A rumor like this is difficult to completely dismiss because the claims it makes are in line with some long-term projections for where CPU development is headed. AMD has aggressively increased x86 core counts with Ryzen. It has publicly stated that it adopted chiplets partly for their superior scaling characteristics relative to conventional monolithic designs.
A 256-core CPU isn’t all that large when you consider that the Ampere Altra Max already offers a 128-core single-socket solution. While it’s an aggressive roadmap for AMD given that the company is “only” expected to ship 96-core chips in 2022, one could argue it shows AMD taking the threat of a resurgent Intel seriously, and that the company intends to retain the leadership position it opened against its rival while Intel was stuck on 14nm.
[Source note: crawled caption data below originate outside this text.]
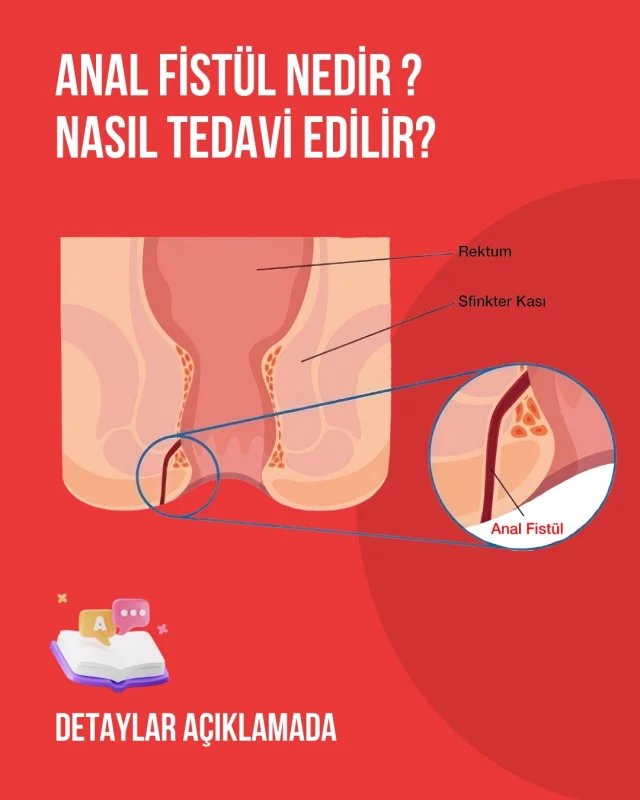 Anal Fistül Nedir? 

Kalın bağırsağın son kısmı olan anüs ile çevresindeki deri arasında sonradan oluşan tüneldir. Çoğu zaman anal apse sonrası gelişir ve tekrarlayan apseler eşlik eder. 

En Sık Görülen Bulgusu Nedir ? 

Makat çevresindeki açıklıktan ( sivilce başı gibi açıklık) kötü kokulu akıntı en tipik bulgusudur. 

Anal Fistül Tanısi Nasıl Konulur?

Çoğu zaman  proktolojik MUAYENE ile tanı koymak yeterlidir. 
Tedavi planlaması için MR ile ileri inceleme yapılması gerekebilir. 

Anal Fistül Nasıl Tedavi Edilir ?

Anal fistül tedavisi CERRAHİ (fistülotomi, lazer, seton, VAFT gibi) yöntemler ile yapılmaktadır, ilaçla tedavisi yoktur. 

Tedavinin amacı 
1- Fistülü iyileştirmek 
2- Nüks gelişimini engellemek 
3- Makat fonksiyonlarını (gaz ve dişkl) korumak

Cerrahi tedavisi perianal fistül hastalığında deneyim kazanmış proktologlar tarafından gerçekleştirilir

#fistül
#fistula
#analfistül
#perianalfistül
#analfistula
#perianalfistula
#analfistültedavisi
#fistültedavisi
#fistultedavisi
#fistülameliyatı
#anal
#ibd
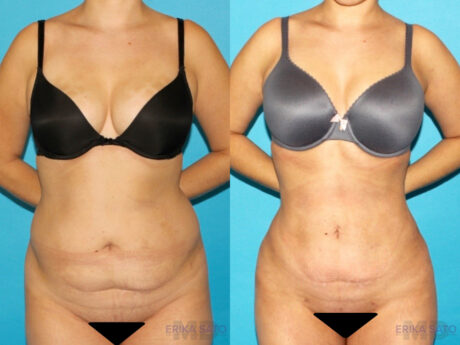 Brazilian Butt Lift case #4671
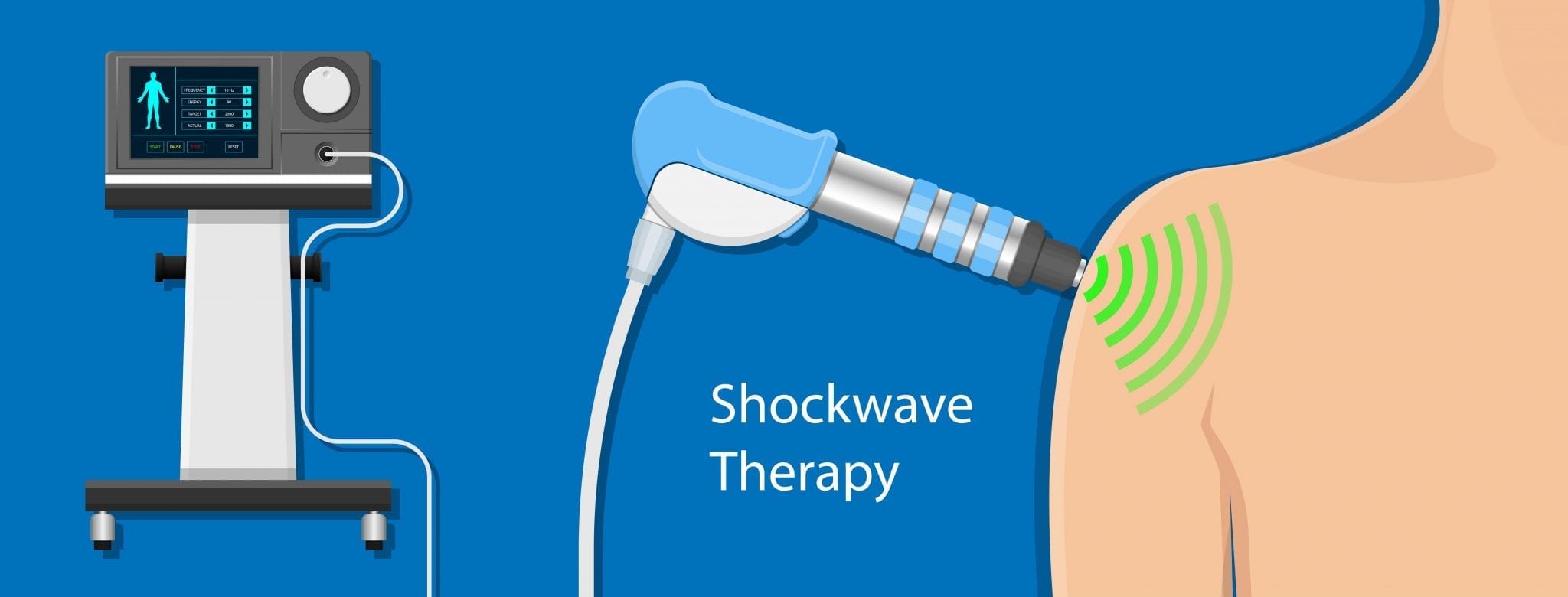 Shockwave therapy for hamstring tightness - Spine Sport Feet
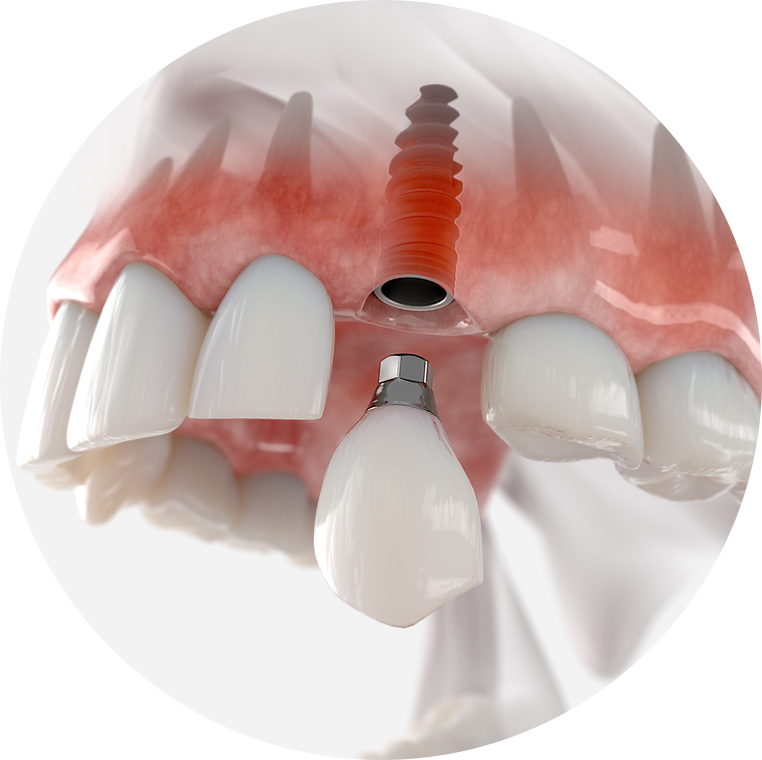 drawn illustration of dental implants
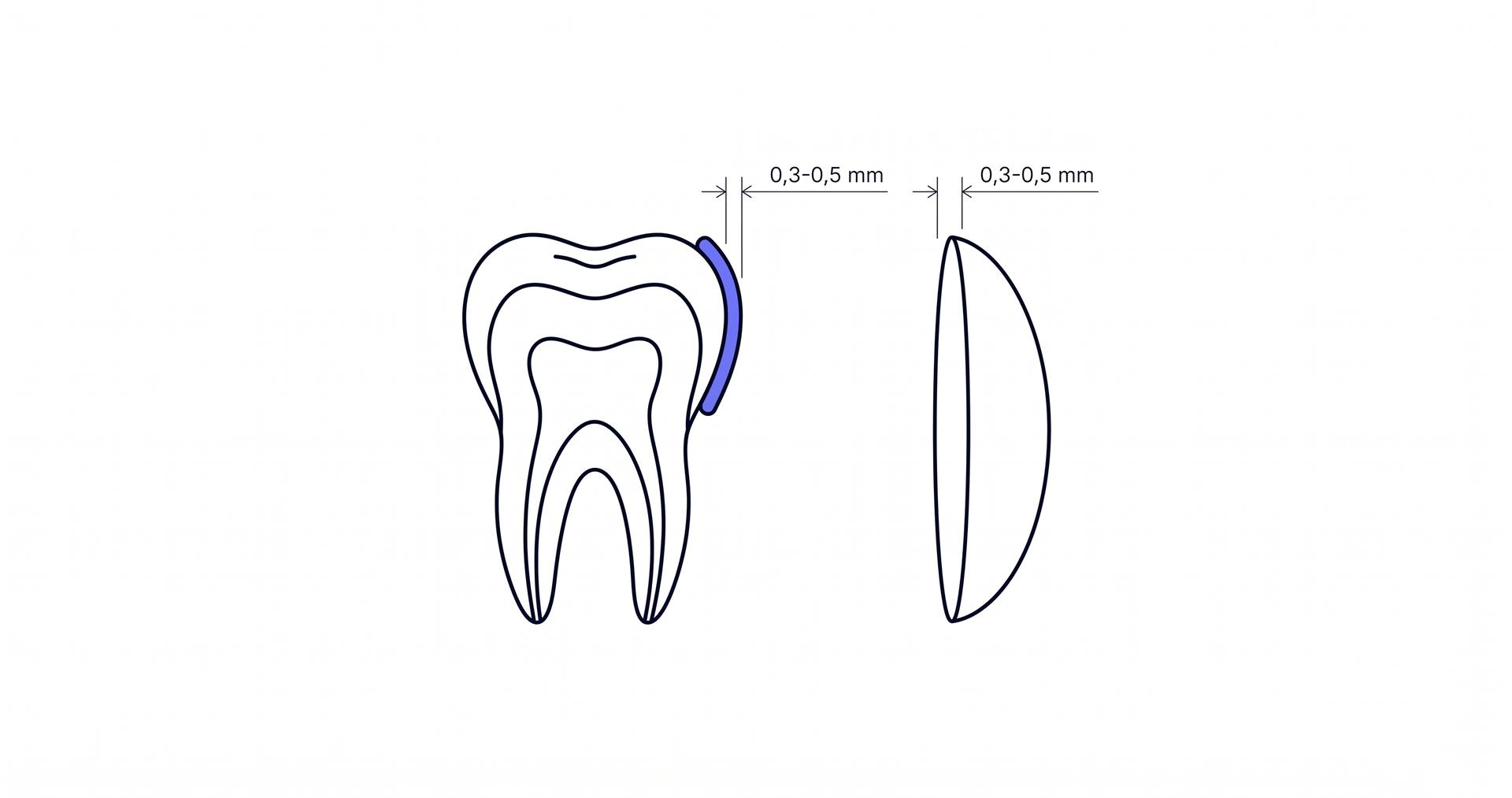 Diagrama del grosor de una lámina ultrafina comparado con una lentilla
I don’t have any inside information on when/if AMD intends to ship a 256-core CPU, but it’s definitely something the company has thought about. Silicon development timelines are long and engineers are accustomed to planning for what’s likely to be available 24-36 months in the future. The many-core research projects from a decade ago showed that a balance must be struck between the number of cores and the amount of work those cores are capable of doing. Whether AMD steps up to 256 cores or not will depend in part on how moving from 128 to 256 cores would impact the CPU’s ability to perform useful work in more lightly threaded applications.
As for the 600W figure, that’s not particularly large for a theoretical 256-core CPU. Such a system could wind up saving power by eliminating redundant hardware in multiple chassis that would otherwise be required to provide the same number of cores.